GREENFIELD — The local ponds may not be ready to support skaters but the winter pursuit is well under way at the Collins-Moylan Arena, where a figure skaters displayed the fearless grace of endless practice in a brief ice show Sunday.

All students at the rink, the 13 skaters took turns weaving across the ice, separately or in pairs, in glides punctuated with spins, jumps and the occasional gracefully recovered fall.

Skating Director Suzanne McCaughtry narrated as Brandi Weyers of Northfield performed a series of layback spins, arched backward on one foot, a one-and-a-half revolution axle jump, camel and seated spins. A camel spin has the skater supported on one leg, the other leg and torso parallel to the ice.

“I tell people I’m more comfortable on the ice than on the land,” Weyers said, adding her friends are always amazed she skates, given that she is prone to walking into things when off skates.

Weyers, 17, said she gave skating a try because a friend did it and has continued for 11 years, eight or nine of those under McCaughtry’s coaching, because of the relaxation it brings.

No matter how much she doesn’t feel like it, or doesn’t think she has time, Weyers said that disappears once she’s on the ice.

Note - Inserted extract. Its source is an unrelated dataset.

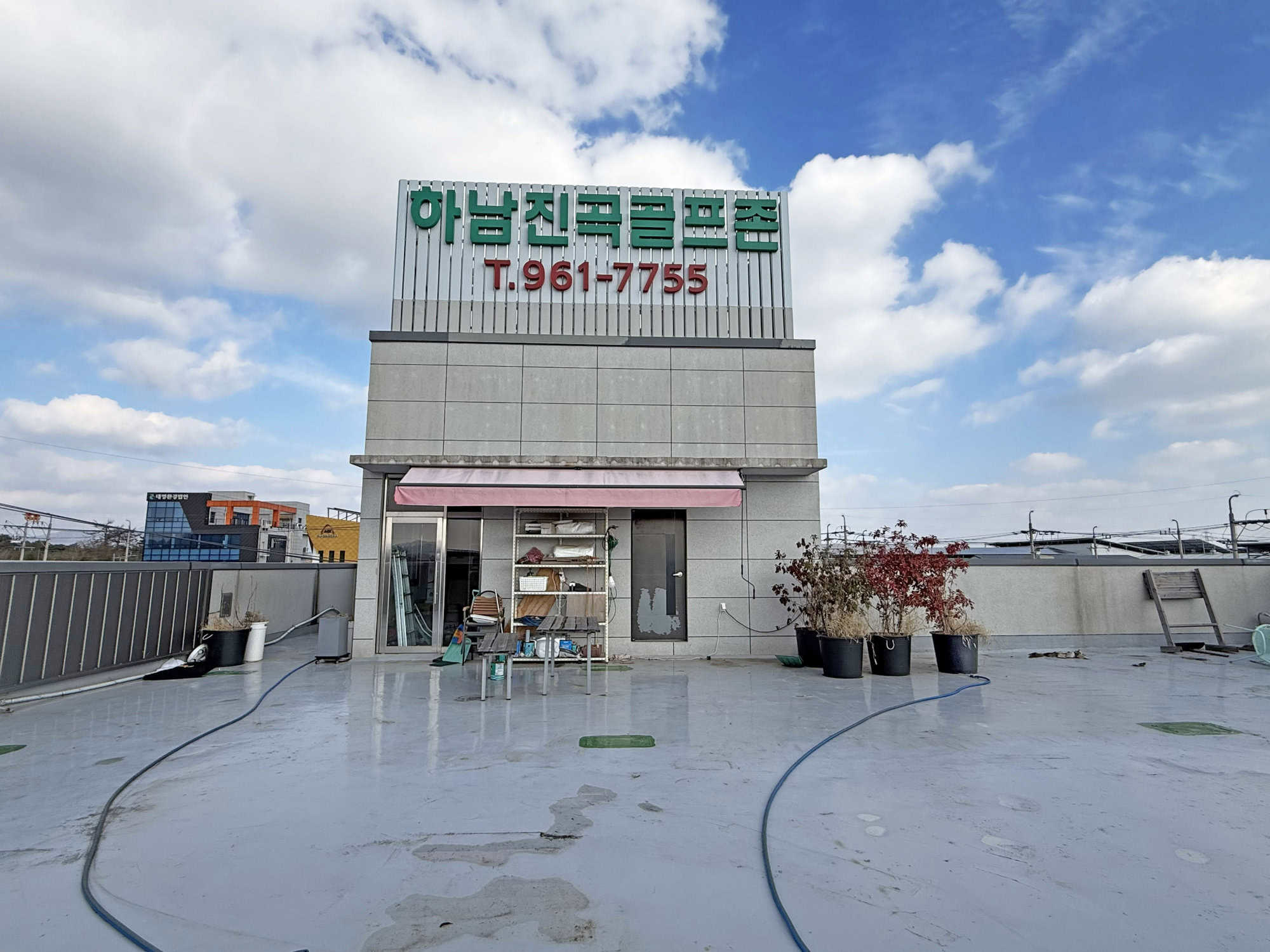 Affordable Korean property with rooftop view and commercial space.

McCaughtry said the purpose of the mini ice show, 40 minutes stolen between the public skating time and lessons, was to display the potential and variety of the sport to those who show up for the public skate, with performances by skaters of various experience levels and aged 6 through their mid-60s.

Linda Lopatka, 64, of Sunderland, and Ruth Morse, 63, of Hadley, perform a routine prepared for an earlier competition, taking the ice with a sled and pantomiming a snowball fight and other winter pursuits to the tune of “Let it Snow.”

Both say they’ve been taking lessons for about ten years and occasionally team up for competitions.

“I’ve always wanted to skate,” Morse said.

“I guess the same goes for me, when my daughter took lessons I took lessons, then stopped for a long time and started again, and I took it up as something to do in retirement,” Lopatka said.

“And we get to have pretty sparkly dresses when we go to competitions,” Morse added.

Both enjoy other sports as well but find skating a good addition to the mix.

Morse dances and used to do gymnastics, but gave it up.

“Gymnastics was not a lifetime sport; skating is,” Morse said, citing the amount of equipment required and usual loss of flexibility with age.

At the end of the 12 performances, some of the 13 are back on the ice for lessons with the arena’s Learn to Skate program, whether as students or instructors.

The day’s public skate was also a food drive, with donations of nonperishables bringing free admission to the next public skate at the 41 Barr Ave. arena, by Greenfield High School.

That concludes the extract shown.